The “Womb-ish” God

May 13th, 2007

Gary Harder

 

Text:  

Psalm 36:7-9

Psalm 57:1-3

Deut. 32:10-13

 

Introduction

I was just a bit discombobulated. There I was, some years ago now, one of only two men amidst 200 women at a theology conference held at at Conrad Grebel University College. “Women doing theology” they named it, so it was perhaps not surprising that not many men applied. Except that the brochure stated specifically that they wanted men to attend in order to hear women doing theology. After all, throughout most of Christian history men have done theology and women have dared only listen in if they dared anything at all. Seemed fair to me, so I attended. Added incentive was that Lydia was one of the main presenters.
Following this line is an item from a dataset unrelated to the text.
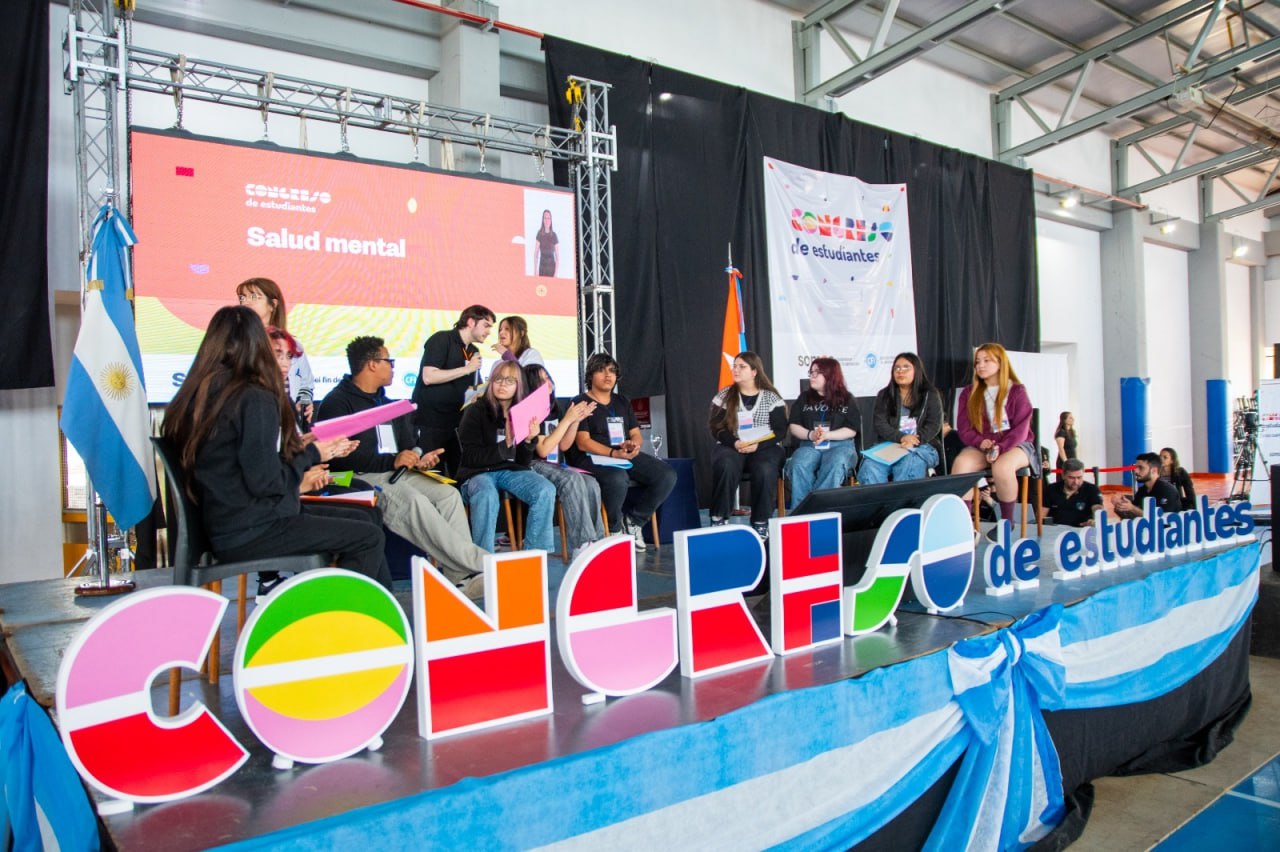 Se viene la segunda edición del Congreso Provincial de Estudiantes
This same Lydia has commented often about what it feels like to be the only woman at a male dominated conference or committee – which is what church has mostly been until quite recently. “I won’t ever again be the only token woman at one of these meetings”, she has said more than once, and said with some passion.
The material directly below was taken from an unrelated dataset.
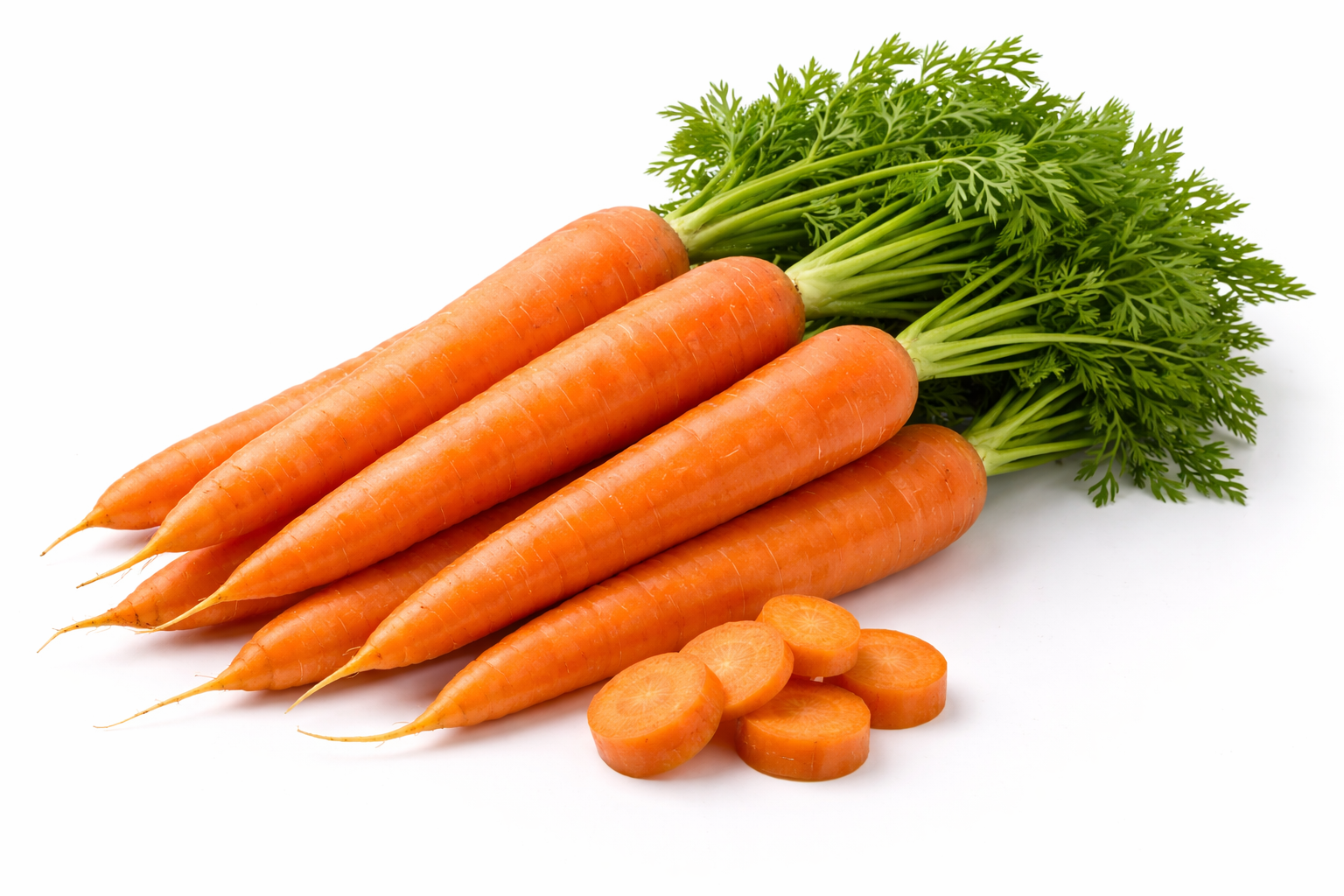 ENGLISH CARROT 200-250g(2pc)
I can be reasonably comfortable in various settings, including some in which I am in the minority, and even when I am surrounded only by women. So I sailed into the conference in good spirits, looking forward to some good theological stimulation. Until we got to the first hymn as we started our worship. I hadn’t expected my reaction or my sudden hesitation. I am a singer. I belt out my bass line loudly and with confidence – no doubt too loudly. But suddenly I hear an all female choir, a beautiful choir, but one with only melody and alto. A bass voice sounds like it will be an intrusion.
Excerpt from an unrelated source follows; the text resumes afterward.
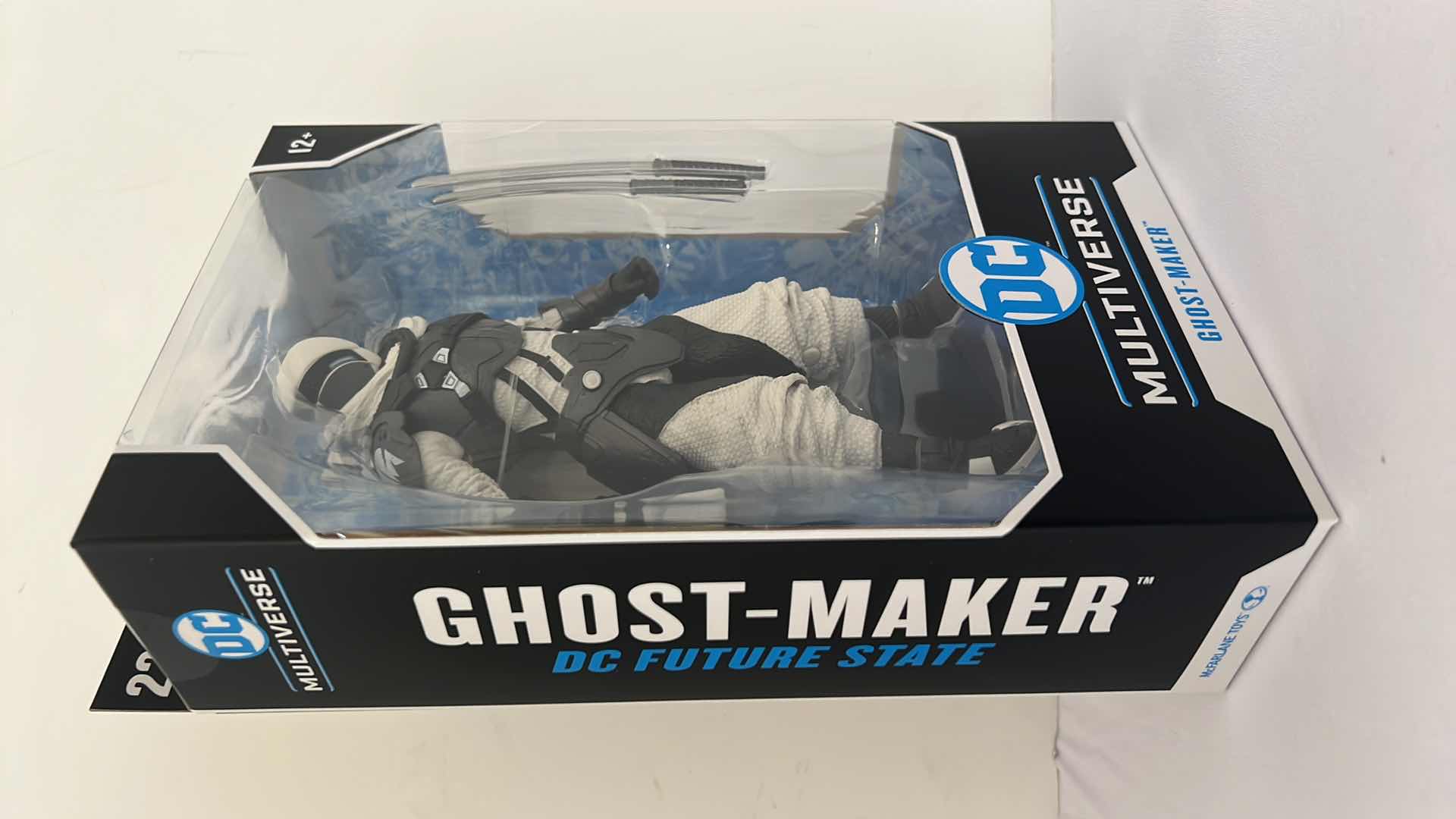 Photo 1 of NIB DC MULTIVERSE "GHOST-MAKER" ACTION FIGURE MSRP $25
And suddenly I am discombobulated. It just doesn’t feel right to sing out an intrusive bass line into that swelling female sound. But I do want to sing. I have come to this conference to participate, not to be a spectator. Is that a mistake? Should I sing the alto line in my falsetto voice – something I can easily do – and therewith try to become like them in a way in which some women have felt they have had to become like men in order to compete in a man’s world? But that didn’t seem to have integrity.

I hesitantly venture a 1/4 volume bass line, and even so a few eyes turn my way. Are they eyes of welcome or of reproach? I am unsettled where I do not expect to be.

The women’s choir has become a metaphor. Over the centuries, probably ever since about thirty or so years after the death of Jesus, theology has been mostly a male choir performance with only one or two women’s voices daring meekly to squeak out a melody line before being immediately silenced. A male voice Gregorian chant is beautiful all on its own, I suppose, just like a women’s choir can be beautiful. But over the long run boring if that’s all you hear. In the long run limited and less than God intended, and maybe even oppressive and abusive.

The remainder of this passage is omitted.